Enoの音楽日記

オペラ、コンサートを中心に、日々の感想を記します。

ヴァイグレ/読響

2020年12月10日 | 音楽
 読響のホームページによると、セバスティアン・ヴァイグレは11月中旬に来日し、2週間の自己隔離をへて、今回の定期に臨んだそうだ。今後は年末年始を日本ですごして、1月の各種コンサートを振る予定。通算すると約2か月間の日本滞在となる。いくつかの条件が重なって実現したことかもしれないが、ともかく自分のオーケストラとともにいる心意気は、聴衆の心をつかんだにちがいない。

 今回の定期は、ソリストは外国人から日本人に変更になったが、曲目は当初発表通りで、1曲目はモーツァルトのピアノ協奏曲第25番、2曲目はブルックナーの交響曲第6番。ともに、モーツァルトのピアノ協奏曲、そしてブルックナーの交響曲のなかでは比較的演奏機会の少ない曲だ。わたしは楽しみにしていた。

 ピアノを弾いたのは岡田奏(おかだ・かな)。プロフィールによると、15歳で渡仏し、パリ国立高等音楽院を卒業したそうだ。読響をはじめ在京のオーケストラとすでに共演しているが、わたしが聴くのは今回が初めて。

 その演奏には特徴があり、あえて強い言葉でいえば、ニュアンス過剰なところがある。
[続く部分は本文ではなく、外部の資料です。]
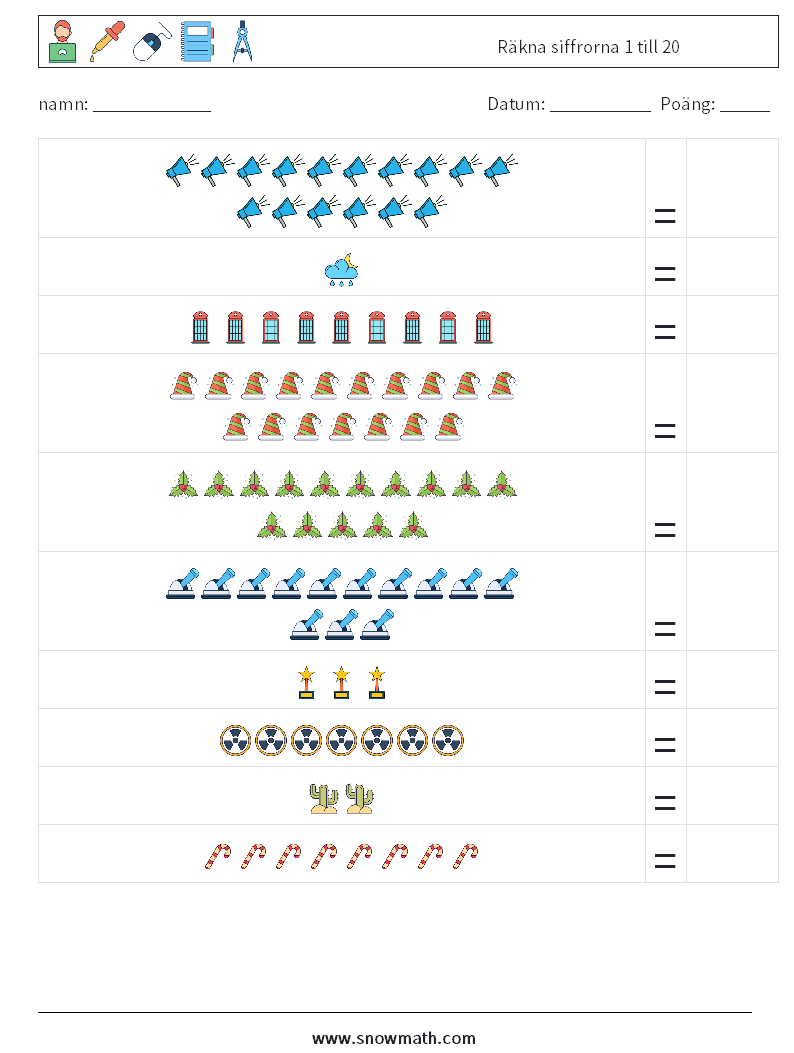 Räkna siffrorna 1 till 20 Matematiska arbetsblad 15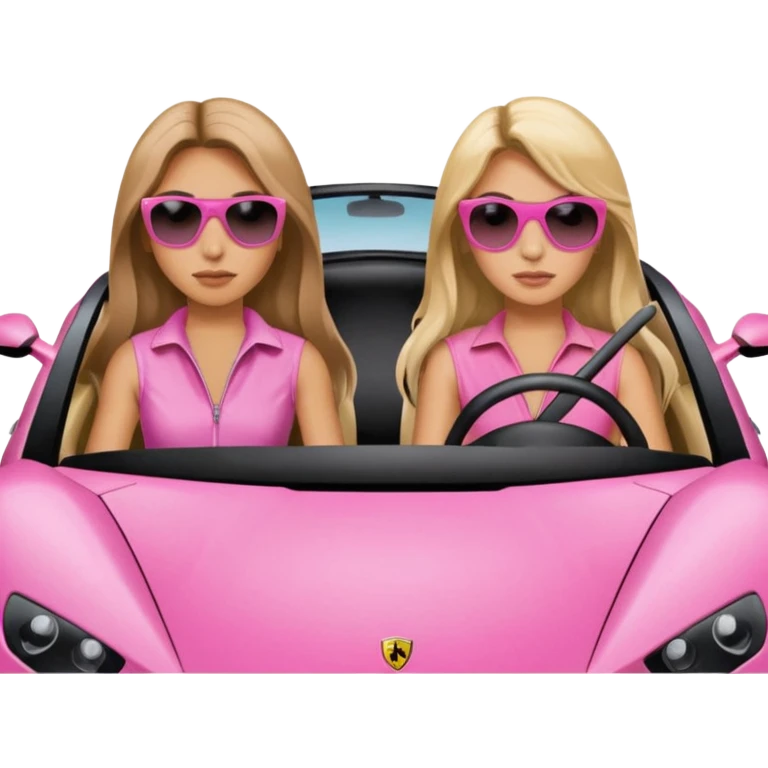 Make car far away so I can see full car Car facing forward in sports car. Make hair long  two girls in car far away Front of car sitting in the seats. Make it a pink sports car. They are two baddies make it a Lamborghini pink car  emoji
音楽のあらゆる箇所にニュアンスを見出し、それを表現した演奏。平たくいえば、音楽を機械的に流さずに、リズムの微妙な緩急により、音楽の陰影、明暗、ためらい、喜び、その他のニュアンスを彫琢した演奏だ。なので、部分、部分はとてもおもしろい。全体像は(少なくともわたしには)確かなものが残らなかったが、それはいまのところ二の次かもしれない。比喩的にいえば、鍵盤上でモーツァルトが踊っているような演奏だった。

 一方、ヴァイグレ指揮の読響は、やっぱりドイツの指揮者というか、拍を生真面目に刻む面があり、そのオーケストラのなかでピアノが自由に(多少は自己陶酔の匂いをまきながら、でもオーケストラに愛されながら)演奏するという趣だった。

 ブルックナーの交響曲第6番は、楽章を追うごとに、オーケストラの音がまとまった。第1楽章は平板だったが、第2楽章アダージョは(とくにその後半では)弦がよく鳴り、第3楽章スケルツォでは金管がパンチのきいた音で鳴った。そして第4楽章フィナーレではオーケストラが一体となり、充実した響きの名演となった。

 ヴァイグレのブルックナーは、ずっしりしたドイツ風のブルックナーではあるが、けっして重厚長大なブルックナーではなく(ときにテンポを落とすことはあっても)、すっきりした造形感を失わないブルックナーだ。その演奏と、そしてなによりもこの時期に来日したことへの感謝と称賛から、聴衆は熱い拍手を送った。